BRADENTON — Even though there is an anticipated $1.6 million shortfall in revenue from the last estimate, the Manatee County commissioners approved Thursday a tentative property tax rate at the same level as last year.

The commission voted unanimously to keep the tax rate for the operating budget at $6.2993 for every $1,000 in taxable value of property to pay for about 38 percent of the $496.9 million proposed budget for 2009-10.

For a house assessed at $275,000 with a $25,000 homestead exemption, a property owner would pay $1,574.83 in property taxes.

This tentative tax rate cannot be increased when the commissioners approve the final budget at two public hearings in September, but it can be lowered.

Because there was concern about Manatee County Sheriff Brad Steube and other public safety departments being able to meet their obligations with the reduced budgets, Commissioner Larry Bustle said it may be necessary to set a higher rate until the commission hears a report about the sheriff’s office budget when Steube appears before them Aug. 18.

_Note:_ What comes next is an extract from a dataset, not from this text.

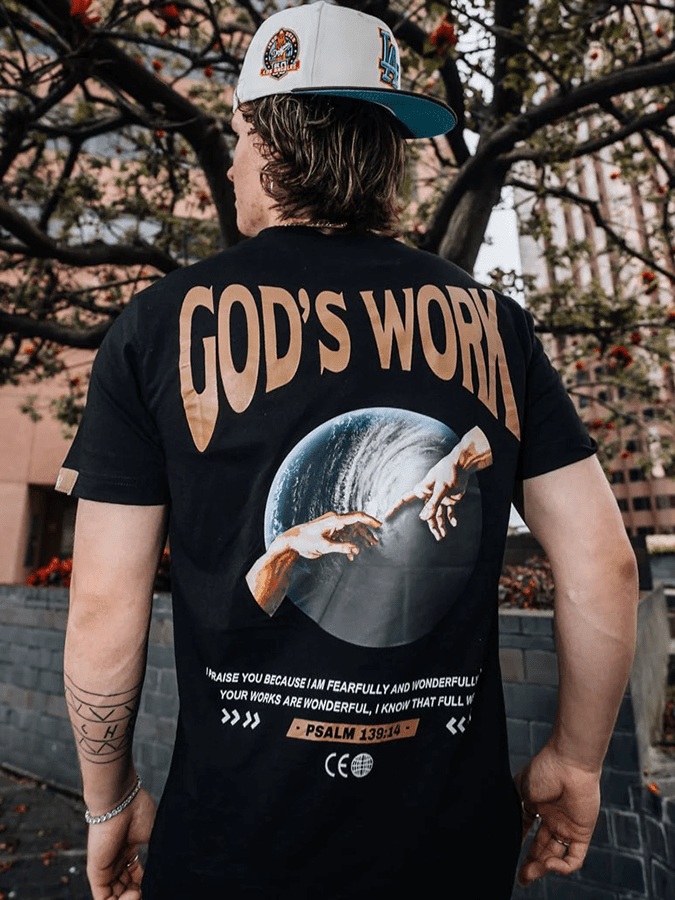 Christianartworkshop Gottes Werk.Psalm 139:14 Unisex Baumwoll-T-Shirt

Bustle suggested setting it at what is called the rollback rate, which would generate the same amount of revenue as last year, and if the money is not needed, the commission can always reduce it in September.

“It would be prudent to set a millage rate that would give us flexibility if there is public outcry to increase the public safety budget,” he said.

Jim Seuffert, director of the county finance department, said the rollback rate, which is $6.9607 per $1,000 of assessed taxable value, would provide the county with $19.6 million in additional funds.

Commissioner Donna Hayes said she could not support an increase over last year’s tax rate.

“This will be more money out of the taxpayers’ pockets,” Hayes said. “We just have to tighten our belts.”

In the end, all the commissioners agreed to keep the tax rate the same as last year.

The commissioners also approved about a penny increase to 10.9 cents for every $1,000 in assessed property value to pay for the debt service on a bond the voters approved several years ago for the purchase of environmentally sensitive property.

Residents living in the unincorporated portions of the county also will pay an additional 61.09 cents per $1,000 in assessed property values, the same as last year, for the Municipal Services Taxing Unit fund, which pays for services residents outside of the municipalities receive.

In May, County Administrator Ed Hunzeker’s proposed budget was $33 million less than the current year’s, based on a decrease of estimated revenues expected from the deflated real estate market.

To balance the budget, Hunzeker reduced the county workforce through layoff, elimination of vacant positions, and retirements of about 100, and a 5 percent across-the-board cut in department spending.

After receiving final figures from the Manatee County Property Appraiser’s office, the commissioners had to decide if they wanted to find another $1.6 million in cuts or to use some of the $13.5 in the Budget Stabilization Fund and other revenues.

The commissioners decided to dip into the stabilization fund.